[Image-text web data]

- - - - -

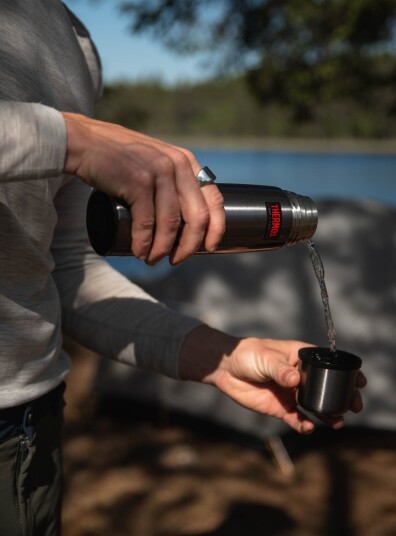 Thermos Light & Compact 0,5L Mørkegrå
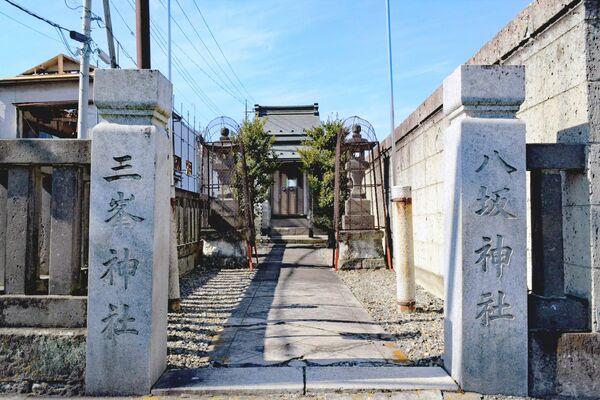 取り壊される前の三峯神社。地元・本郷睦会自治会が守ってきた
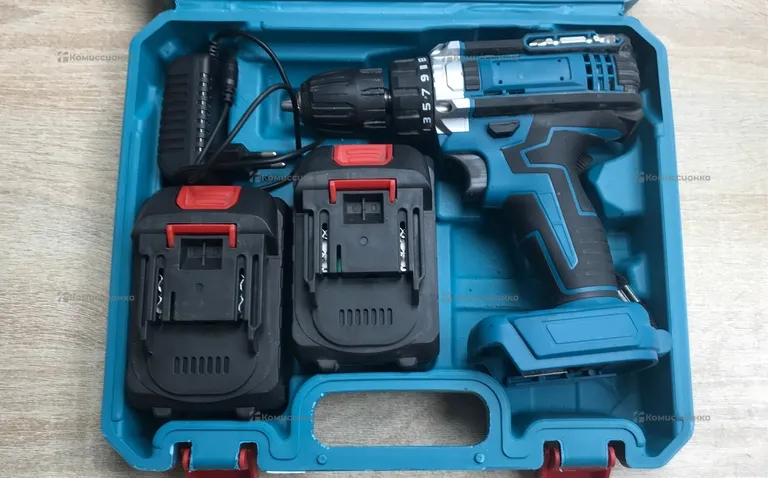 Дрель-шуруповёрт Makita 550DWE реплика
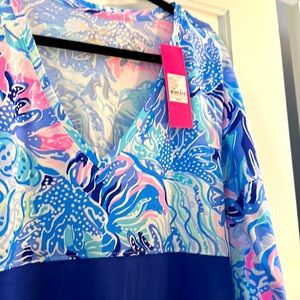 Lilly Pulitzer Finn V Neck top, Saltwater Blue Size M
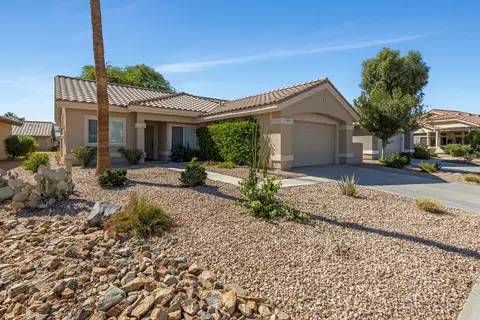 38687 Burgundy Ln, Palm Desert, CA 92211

- - - - -

REQUIRED WORK: Starting at the line that contains "Lilly Pulitzer Finn", output every line through the end of the data, both ends included, and nothing else; pictures stay out.

ANSWER AREA:
 Lilly Pulitzer Finn V Neck top, Saltwater Blue Size M
 38687 Burgundy Ln, Palm Desert, CA 92211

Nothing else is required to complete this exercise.